My machine shop provided Sealed Power pistons. Unlike the originals they are solid all the way around. They do have a notch on the piston top which I am guessing goes towards the front on the engine? Great pictures! And thanks a bunch! My brother has a '47 dodge 4-door. I love the lines on that car.

Posted
19 minutes ago, Hemibear426 said:

My machine shop provided Sealed Power pistons. Unlike the originals they are solid all the way around. They do have a notch on the piston top which I am guessing goes towards the front on the engine? Great pictures! And thanks a bunch! My brother has a '47 dodge 4-door. I love the lines on that car.

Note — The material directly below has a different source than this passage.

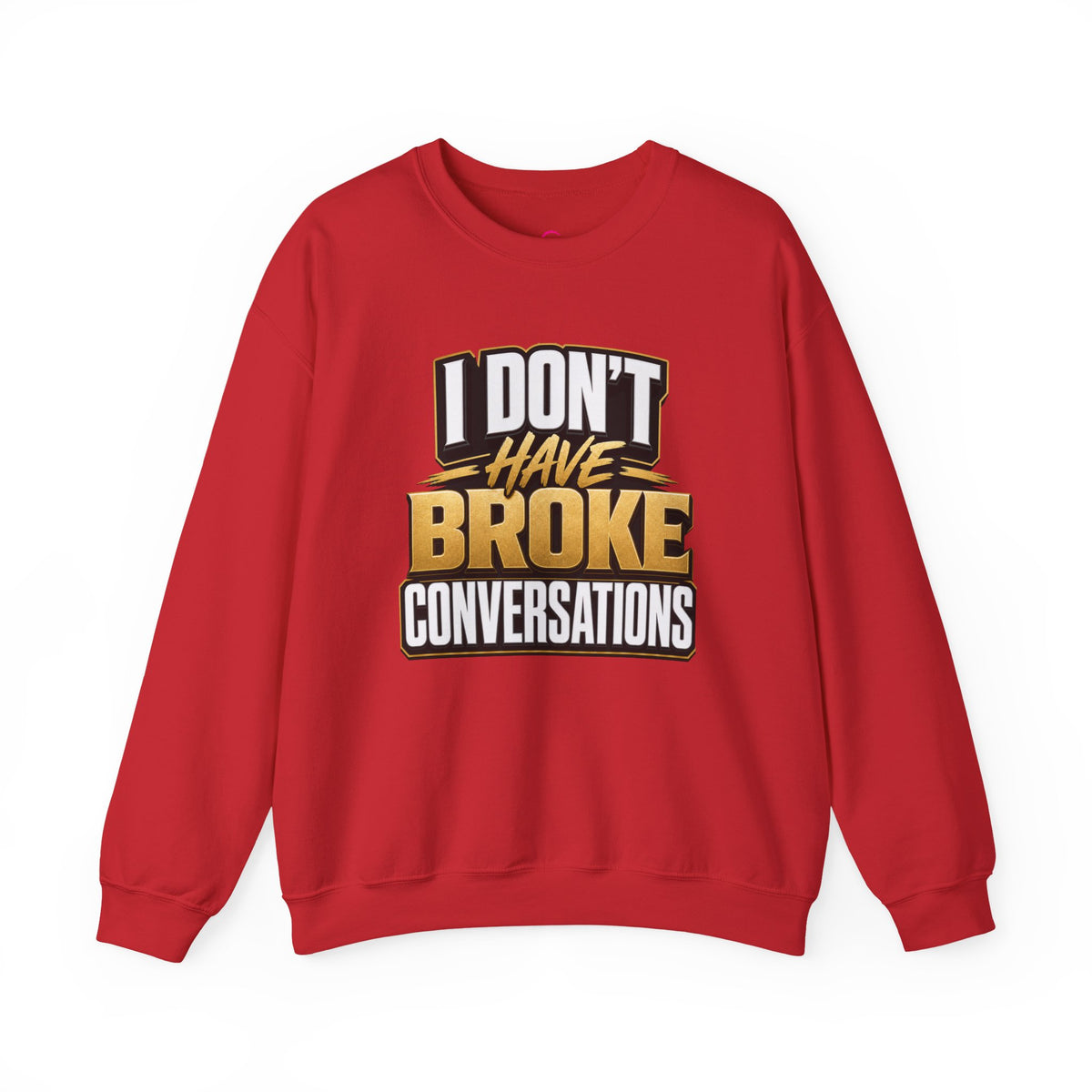 Copy of I don't have broke conversations Sweatshirt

Hmmm. Maybe someone with more knowledge will chime in on the proper configuration. Thanks. I’m chomping at the bit to get her back on the road. 

Posted

Tom,

If the machine shop did a valve job is it necessary to grind or lap the valves also?

Posted

Top of a Sealed power piston with notch. Hope someone knows if this goes towards the front of the engine or not? Piston skirt is solid all the way around with no expansion split. 

Piston Notch.jpg

Posted

Notch to the front on inline engines.

But .......Most times it's still best to contact the manufacturer if  not sure about a very important question!.

  • Like 1
Posted

Dodgeb4ya,

Thanks a bunch! Just returned from Tennessee with a 1948 Chrysler New Yorker 3 Passenger Business Coupe. Still putting Marvel Mystery Oil down the sparkplug holes! I gotta look up that '52 Imperial Coupe. That's gotta be rare!